Günümüzde şort giydiği için dayak yiyen, dolmuşa yalnız bindiği için tecavüze uğrayan, dekoltesi olduğu için tecavüze uğrayan, eski eşi veya sevgilisini reddettiği için öldürülen kadınların ve hatta tecavüze uğrayan çocukların sayısı giderek artıyor. Yasalar ise mağdura sahip çıkmak yerine, şiddeti ve tecavüzü uygulayanı koruma eğiliminde. Tartışılmakta olan tecavüze uğrayanın tecavüzcüsü ile evlendirilmesi yasası ise belki de insanlığın gelebileceği en korkunç noktalardan birisi. Tüm bunları, kadınların artmakta olan özgürlük talepleri, yükselmekte olan sesleri ve toplumsal değişimdeki öncü rolleri karşısında ataerkil devlet düzeninin korkusunun göstergesi ve yeniden kocanın efendi olduğu evlere kapatılmaları çabası olarak görmek gerek. Rakamlarla geçiştirilmeye çalışılan, çeşitli adli tedbirlerle çözüme ulaştırılmak istenen erkek şiddeti kadınları evde, sokakta ve iş yerinde hedef almaya devam ediyor. Erkek şiddeti sistematik ve yaygın şekilde sürdürülmekte; bizzat iktidarlar tarafından meşrulaştırılmaktadır. Kimi zaman yöneticilerin ağzından çıkan bir sözle başlamakta kimi zaman da kamu görevlileri tarafından doğrudan uygulanmakta ve kadın bedeni, emeği, kimliği ve hayatı erkek egemen düzen tarafından şekillendirilmeye çalışılmaktadır.
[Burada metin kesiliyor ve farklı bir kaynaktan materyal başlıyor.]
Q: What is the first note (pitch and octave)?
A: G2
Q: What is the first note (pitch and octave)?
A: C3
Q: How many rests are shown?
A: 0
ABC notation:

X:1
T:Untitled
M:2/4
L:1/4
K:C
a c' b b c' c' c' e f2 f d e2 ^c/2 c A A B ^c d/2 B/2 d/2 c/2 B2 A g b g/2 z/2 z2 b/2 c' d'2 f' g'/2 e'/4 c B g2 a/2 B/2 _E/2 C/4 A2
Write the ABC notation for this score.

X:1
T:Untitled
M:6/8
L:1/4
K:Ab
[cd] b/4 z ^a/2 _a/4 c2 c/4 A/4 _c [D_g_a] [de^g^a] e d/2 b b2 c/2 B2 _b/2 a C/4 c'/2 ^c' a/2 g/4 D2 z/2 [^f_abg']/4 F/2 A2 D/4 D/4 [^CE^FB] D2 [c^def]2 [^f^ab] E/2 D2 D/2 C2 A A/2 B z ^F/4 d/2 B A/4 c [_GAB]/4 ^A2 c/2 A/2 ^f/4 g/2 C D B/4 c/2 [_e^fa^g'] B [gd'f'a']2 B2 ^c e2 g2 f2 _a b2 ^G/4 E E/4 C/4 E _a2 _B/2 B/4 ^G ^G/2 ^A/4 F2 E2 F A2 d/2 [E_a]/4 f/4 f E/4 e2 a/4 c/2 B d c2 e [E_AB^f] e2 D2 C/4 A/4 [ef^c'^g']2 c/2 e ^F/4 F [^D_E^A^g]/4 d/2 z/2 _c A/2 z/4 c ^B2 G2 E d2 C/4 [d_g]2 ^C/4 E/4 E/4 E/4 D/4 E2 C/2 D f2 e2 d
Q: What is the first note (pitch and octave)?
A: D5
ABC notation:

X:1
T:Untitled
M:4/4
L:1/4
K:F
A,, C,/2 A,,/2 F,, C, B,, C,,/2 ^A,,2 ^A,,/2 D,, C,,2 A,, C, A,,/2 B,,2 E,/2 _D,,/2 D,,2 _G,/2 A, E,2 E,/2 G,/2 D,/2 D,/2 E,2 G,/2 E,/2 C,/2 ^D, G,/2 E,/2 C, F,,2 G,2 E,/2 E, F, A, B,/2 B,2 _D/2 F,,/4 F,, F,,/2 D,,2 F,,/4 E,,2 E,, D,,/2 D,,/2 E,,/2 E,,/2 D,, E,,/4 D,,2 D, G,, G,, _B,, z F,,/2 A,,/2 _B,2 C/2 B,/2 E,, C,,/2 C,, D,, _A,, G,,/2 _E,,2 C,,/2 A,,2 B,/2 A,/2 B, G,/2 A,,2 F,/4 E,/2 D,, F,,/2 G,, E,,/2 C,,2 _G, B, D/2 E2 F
Unutulmaması gerekir ki büyük baskılar karşılığında büyük direnişler doğurur. Tarihin hiç yazılmamış sayfalarında gizli kalan kadın kahramanlar, her türlü baskı ve katliama karşı direnerek bayrağı kendilerinden sonraki kadınlara devretmişlerdir. Kadına şiddete karşı verilecek mücadele, bireylerin şiddetten kurtuluşunun ötesinde tüm toplumun maruz kaldığı baskı ve sömürü düzenine karşı bir mücadele de olacak ve bu alanda da kazanıma dönüşecektir. Avrupa’daki  “cadı avı” furyası dahi bilge kadınların katliamının yanı sıra, Hristiyan kültürün egemen kıldığı erkek egemen toplum düzenini bozan eşitlikçi kültürlerin ve inançların ortadan kaldırılmasını amaçlamaktaydı. Bu anlamda kadına yönelik şiddete karşı yükseltilecek her ses aynı zamanda toplumsal eşitlik, adalet ve özgürlük için yükseltilmiş olacaktır. 25 Kasım’da alanlarda “Savaş, şiddet ve zor üzerine kurulu iktidarlarınızı kadınların sesi ve mücadelesi ile yıkacağız” diye haykırıyor olacağız.